The usual corrections are:

add the alternate shell binary you actually see in your environment
narrow the command-line checks to reduce accidental matches
exclude known software deployment tools
require a parent process or user context if available
document the telemetry assumptions

Example of a tuned rule that becomes deployable

After tuning, the same logic may look more like this:

title: Suspicious Shell Execution with Encoded Arguments
status: test
logsource:
  category: process_creation
detection:
  selection:
    Image|endswith:
      - '\powershell.exe'
      - '\pwsh.exe'
    CommandLine|contains:
      - ' -enc '
      - 'FromBase64String'
  filter_admin_tools:
    ParentImage|endswith:
      - '\your-endpoint-tool.exe'
      - '\your-deployment-agent.exe'
  condition: selection and not filter_admin_tools
falsepositives:
  - Scripted admin activity
  - Endpoint management actions
level: high

The point is not that this is the perfect rule. The point is that it is more honest about assumptions, easier to review, and less likely to flood the queue.

Defensive takeaways from the Claude Fable 5 test

Where automation helps and where human review stays mandatory

If Anthropic’s Claude Fable 5 and Mythos 5 are genuinely useful for security work, I expect them to help most with the first draft:

mapping a tactic to likely fields
proposing a candidate Sigma rule
listing exclusions and assumptions
suggesting response notes

That saves analyst time.

But human review stays mandatory anywhere the model can fail quietly:

field mapping
backend compatibility
false positive tuning
deployment scope
incident severity

The best outcome is not the model writes the rules. The best outcome is the model reduces the blank page problem.

What to measure after deployment so drift does not go unnoticed

A detection rule should not be treated as finished once it ships.

After deployment, I watch:

alert volume over time
percent of alerts closed as benign
time to triage
percentage of alerts missing context
how often the rule needs backend-specific fixes
whether a new software rollout changes the noise profile

That is where drift shows up. A rule that was clean in week one can become useless after a logging change or a new admin tool rollout.

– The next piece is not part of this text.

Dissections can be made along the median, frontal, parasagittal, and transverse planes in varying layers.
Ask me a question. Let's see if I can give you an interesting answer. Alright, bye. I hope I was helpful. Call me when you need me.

If the model helped draft the rule, those metrics also tell you whether the drafting workflow is learning anything. If every AI-generated rule needs the same kind of cleanup, the prompt is not improving.

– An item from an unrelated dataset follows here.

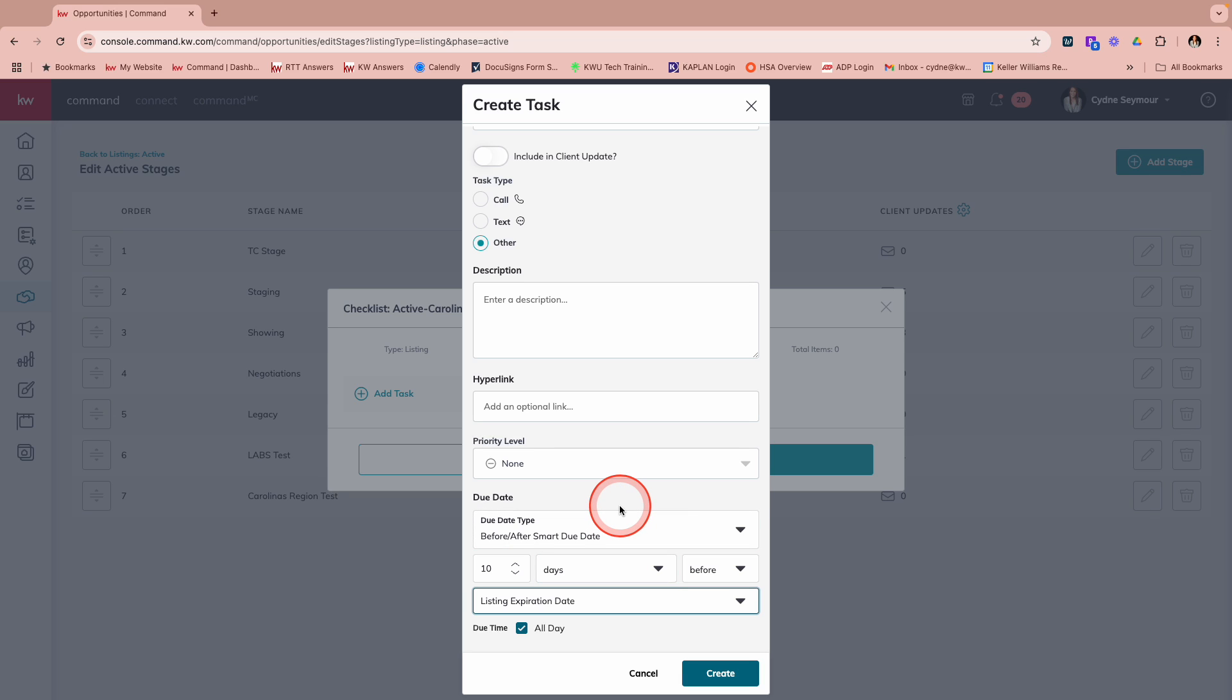What this means is for every listing that you take and you have this checklist for 10 days before that listing expires. As long as you've entered that information in the details section of the opportunity, a task is going to automatically come up that says, Hey, you need to pull comps and you need to reach out to the seller to schedule an appointment with them.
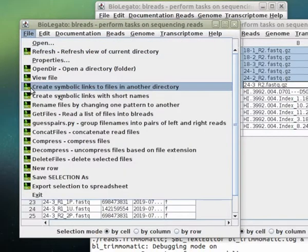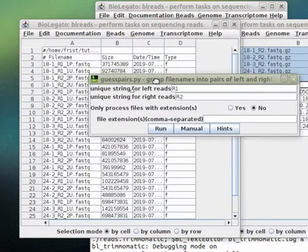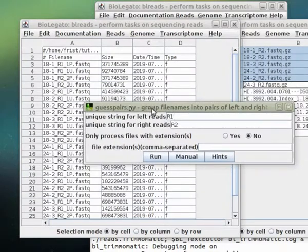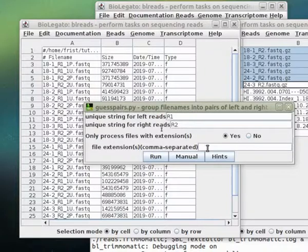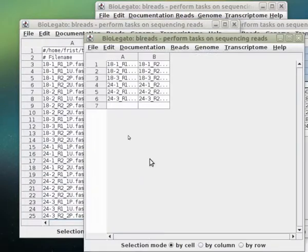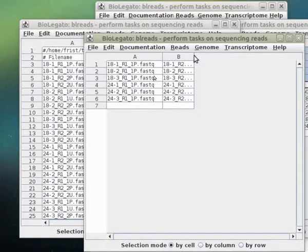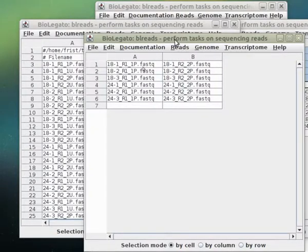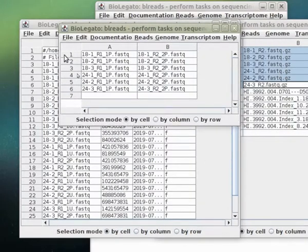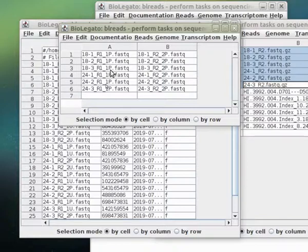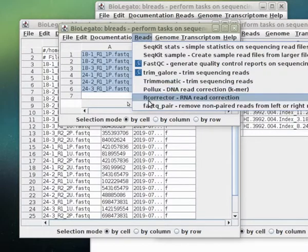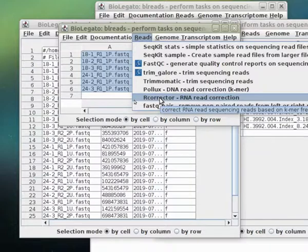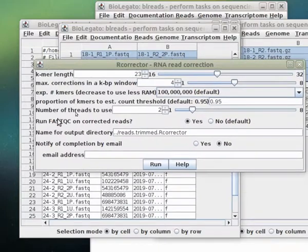I want to once again run Guess Pairs to select the files that have only the paired reads. R1 and R2 distinguish the forward and reverse reads, and we'll use p.fastq as the file extension to separate out these files. Now we only have the paired read files, and we're ready to run our next step, which is read correction. If I wanted to at this point, I could also be running FastQC to see whether the quality had changed in the reads. But for right now, we'll go on to the next step, which is correcting the reads. For that purpose, we have the R corrector program that specifically is designed to correct RNA reads.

Conclusion: using the model as a drafting aid, not an oracle

The June 14 announcement is interesting because it suggests Anthropic is treating cybersecurity as a first-class use case for its newer models. That may matter for detection engineering, but only if the model can do the boring work: structured drafts, honest assumptions, and rules that survive validation.

For me, the right test is simple:

can it produce a rule in a real format?
can it name the telemetry it needs?
can it avoid invented fields?
can it pass static checks?
can it replay cleanly against real logs?
can an analyst understand why it exists?

If the answer is yes, the model is useful. If the answer is no, it is just another confident generator of plausible security text.

Short checklist for teams evaluating AI rule generation

Pick one canonical output format first.
Build a small corpus of benign, noisy, and relevant examples.
Force the model to name assumptions and required fields.
Run static validation before any replay testing.
Compare alert volume against historical baselines.
Require analyst review and versioned traceability.
Measure drift after deployment, not just draft quality.

That workflow is the real evaluation. Everything else is branding.